RECORDS SHOWN Block Start

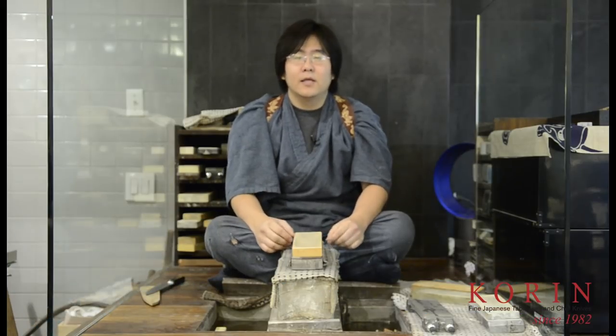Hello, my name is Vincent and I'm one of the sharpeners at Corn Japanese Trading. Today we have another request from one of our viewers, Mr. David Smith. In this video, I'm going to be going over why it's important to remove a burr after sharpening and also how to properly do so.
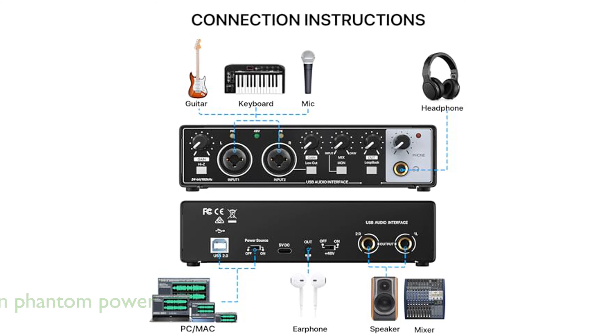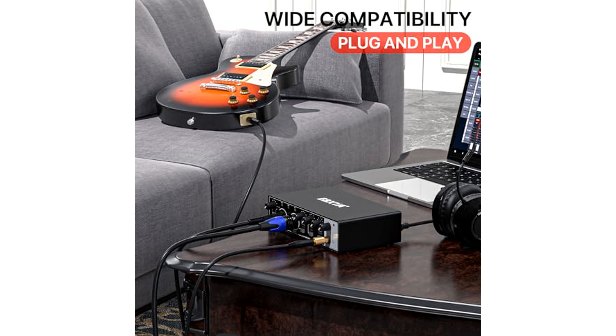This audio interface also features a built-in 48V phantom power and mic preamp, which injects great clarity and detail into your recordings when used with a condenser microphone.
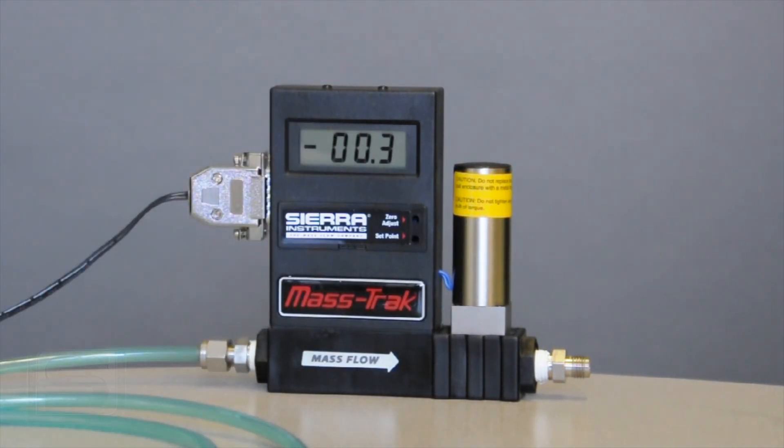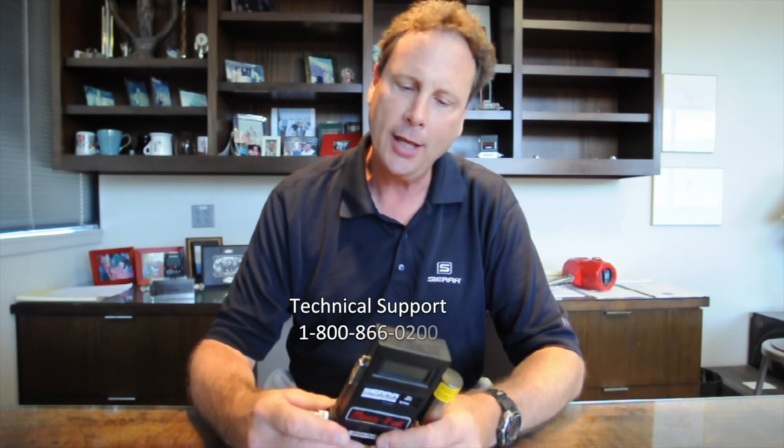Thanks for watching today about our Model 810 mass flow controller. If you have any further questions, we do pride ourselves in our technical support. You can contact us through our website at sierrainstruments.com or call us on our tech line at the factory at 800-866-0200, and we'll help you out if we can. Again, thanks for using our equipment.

RECORDS SHOWN Block End
RECORDS SHOWN Block Start

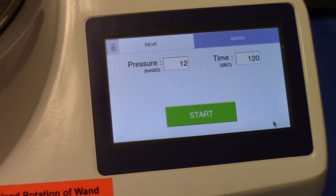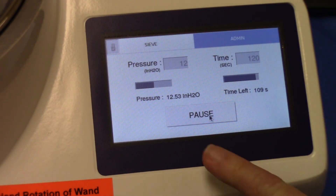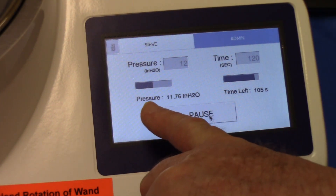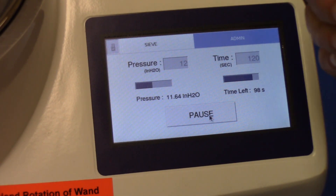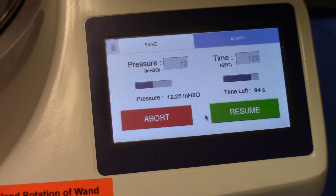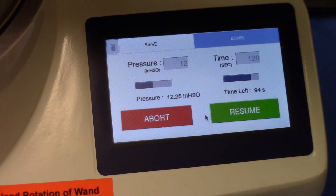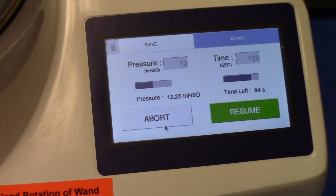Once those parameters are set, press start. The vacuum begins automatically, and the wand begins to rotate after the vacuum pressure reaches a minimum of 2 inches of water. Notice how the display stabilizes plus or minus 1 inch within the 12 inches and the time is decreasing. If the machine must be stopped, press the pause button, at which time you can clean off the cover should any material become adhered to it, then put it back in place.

RECORDS SHOWN Block End

## WORK TASK:
A verbatim reproduction is expected: starting at the line above that has "This audio interface", ending at the line that has "Thanks for watching", both included, and with no pictures and no other lines.

## RESPONSE TO THE EXERCISE:
This audio interface also features a built-in 48V phantom power and mic preamp, which injects great clarity and detail into your recordings when used with a condenser microphone.
Thanks for watching today about our Model 810 mass flow controller. If you have any further questions, we do pride ourselves in our technical support. You can contact us through our website at sierrainstruments.com or call us on our tech line at the factory at 800-866-0200, and we'll help you out if we can. Again, thanks for using our equipment.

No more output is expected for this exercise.